Thursday, 4 February 2021

Trespass

A few days ago I was prompted to buy the book at reference 1 by the article at reference 2. A book which turned up the next day - leaving me slightly guilty about buying it from Amazon rather than more or less direct from the authors, not caring to give my bank card details to a website I knew nothing about. Not thinking to look for the Paypal option which would have got around that problem.

I shall return to the book properly in due course, but first there is the matter of the Lord's Prayer, prompted by a digression around same starting on page 51.

Now the version I learned at my primary school - having been ticked off in the top class for not knowing it already - is reproduced above. With trespasses being the word of present interest. And with the terminal doxology having gone AWOL. Need to check. But see reference 5 in the meantime.

Powell & Edelstyn tell us that modern, Protestant versions of the Lord's Prayer replace trespass with debt, thus monetising sin. Perhaps the sort of thing that the cold Protestant shopkeepers of northern Europe go in for, rather than the warm Catholic farmers and vignerons of southern Europe. Shopkeepers who want us to feel guilty about debt, presumably to encourage us to clear our slates on a regular basis. They also tell us that the words for debt and guilt in German are the same.

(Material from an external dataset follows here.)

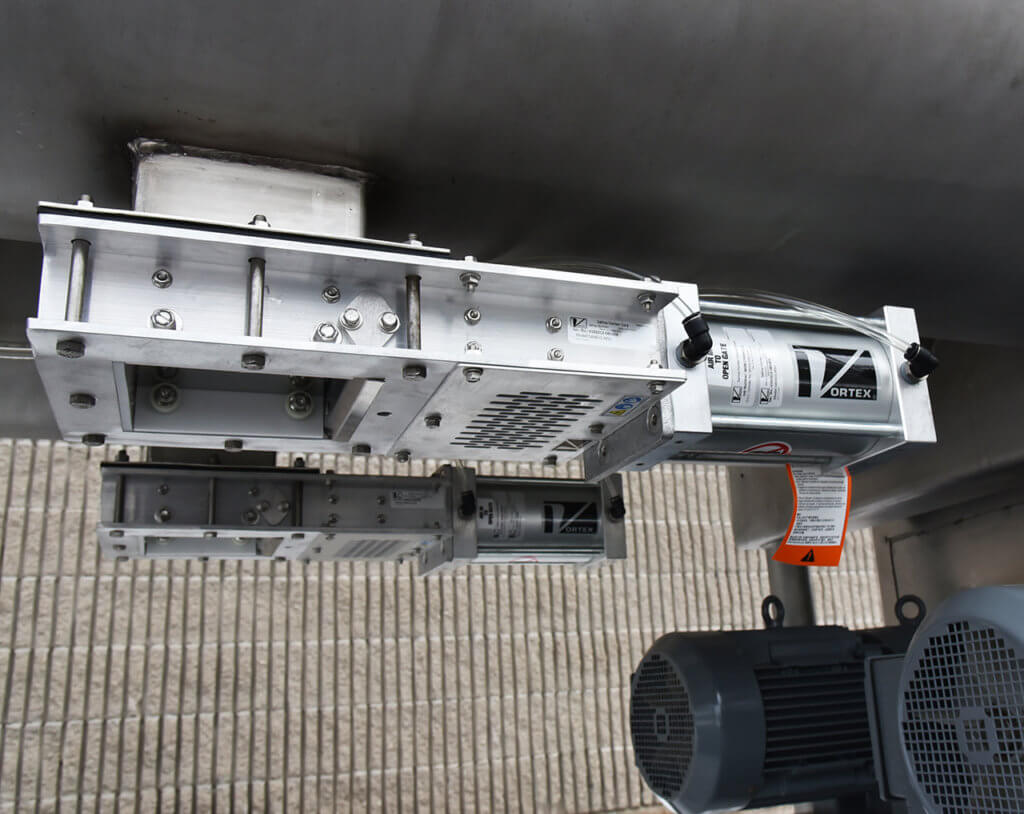 Used DOUBLE RIBBON BLENDER, 60 cubic foot, food grade, stainless steel, twin-shaft, with 6 inch slide-gate discharges for mixing granular, particulate food products, Alard item Y0850.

After which the first stop was the Good News Bible, in which the trespasses are replaced with sins and wrongs. Luke 11.2-4. No sign of debts here. But what about the original Greek: are debt and guilt the same there too?

I then thought of the Vikings and suchlike people who set tariffs for murder. Ten gold pieces for a man, five for cow, three for a wife and so on. Then of the words gilt and geld, but the word I was actually after was wirgeld. So these northern Europeans clearly made a connection between sin and debt. And to judge by the sound of the words, to guilt and gold too. And we Brits still talk of paying one's debt to society with a spell at her Majesty's pleasure.

All in all a matter which might well repay serious socio-linguistic study. But study I shall leave for another day.

PS 1: I bet that my prayer book, snapped above, is grander than the one past President Trump was waving about, the day last June he went to church during a riot.

PS 2: 'President Trump's controversial foray to St. John's Church on Monday is generating widespread criticism, after police and National Guard troops physically cleared out demonstrators, using tear gas, to allow a photo opportunity outside the church. The bishop who oversees St. John's is among the critics'. But sadly, not a prayer book at all despite looking reasonably like my book, rather a bible.

Reference 1: Bank Job – Hilary Powell, Daniel Edelstyn – 2020.

Reference 2: Time to blow up problem debt: will we come to see the indebted as victims of the Covid crisis too? – Claer Barret/FT – 2021. January 29th, 2021.

Reference 3: http://psmv2.blogspot.com/2015/12/christmas-reading.html. An early notice of the book snapped above.

Reference 4: Good News Bible - The American Bible Society - 1966. My version ten years younger, from 1976.